En premier lieu, la constitutionnalisation de l’état d’urgence représente une avancée incontestable pour notre démocratie. Il s’agit d’encadrer un régime particulier auquel les gouvernements successifs ont eu recours à de nombreuses reprises depuis soixante ans. Le constitutionnaliser, c’est encadrer ce qui le déclenche pour qu’il ne soit jamais dévoyé. Cela avait été proposé par le comité Vedel en 1993 et par le comité Balladur en 2008. Ce texte est donc l’aboutissement de réflexions approfondies. Des garanties ont été introduites par voie d’amendements et constitutionnalisent le contrôle du Parlement sur l’action du Gouvernement durant l’état d’urgence. Il est évidemment fondamental de garantir l’équilibre des pouvoirs lorsqu’il est déclaré.
L’état d’urgence est une nécessité pour faire face à la menace terroriste contre laquelle la France se bat. Nous devons mettre à la disposition de notre République tous les outils dont elle dispose pour se protéger. Le pouvoir qui en découle doit être régulé, contrôlé et encadré : voilà, mesdames, messieurs les députés, le sens de l’article 1er.
Hier, nous avons longuement débattu de l’article 2. Chacun, là aussi, a exprimé sa position et je tiens à dire que chaque position est respectable. Mais je veux rappeler ce que cet article contient, précisément, au-delà de toute élucubration. Il s’agit de donner au juge la possibilité de déchoir de la nationalité française des terroristes condamnés soit pour un crime commis contre la vie de la nation, soit pour un délit contre la vie de la nation punissable d’au moins dix ans d’emprisonnement.

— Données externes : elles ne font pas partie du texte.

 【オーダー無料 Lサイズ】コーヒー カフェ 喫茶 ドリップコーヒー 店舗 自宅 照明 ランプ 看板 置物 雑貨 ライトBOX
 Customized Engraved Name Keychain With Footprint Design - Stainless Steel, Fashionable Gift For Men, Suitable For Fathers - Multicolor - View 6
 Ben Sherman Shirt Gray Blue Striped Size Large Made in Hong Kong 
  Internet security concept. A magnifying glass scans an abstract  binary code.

Nous ne devons pas faire croire à ceux qui nous écoutent que nous ouvrons la boîte de Pandore. Les pires heures de l’histoire ont été convoquées par les terroristes eux-mêmes. La réponse que nous apportons est une réponse à la fois républicaine et pénale. Elle est encadrée et va permettre d’exclure ceux qui se sont déjà exclus d’eux-mêmes de la communauté nationale. Nous menons cette réforme dans le strict respect des traités internationaux. Je me réjouis à cet égard, monsieur le Premier ministre, que vous ayez annoncé la ratification prochaine de la convention de 1961. Notre texte sera ainsi plus respectueux du droit, y compris du droit de nos pires ennemis puisque, contrairement à la loi de 1998, les binationaux et les mononationaux seront traités à égalité s’ils sont condamnés pour terrorisme.
Nous sommes aujourd’hui appelés à voter en première lecture sur le projet de loi de réforme constitutionnelle que le Président de la République a appelé de ses voeux. Il ne concerne que les terroristes, les seuls ennemis de la nation. C’est pourquoi, mes chers collègues, je vous invite, au nom du groupe socialiste, républicain et citoyen à approuver massivement le projet de loi constitutionnelle de protection de la nation.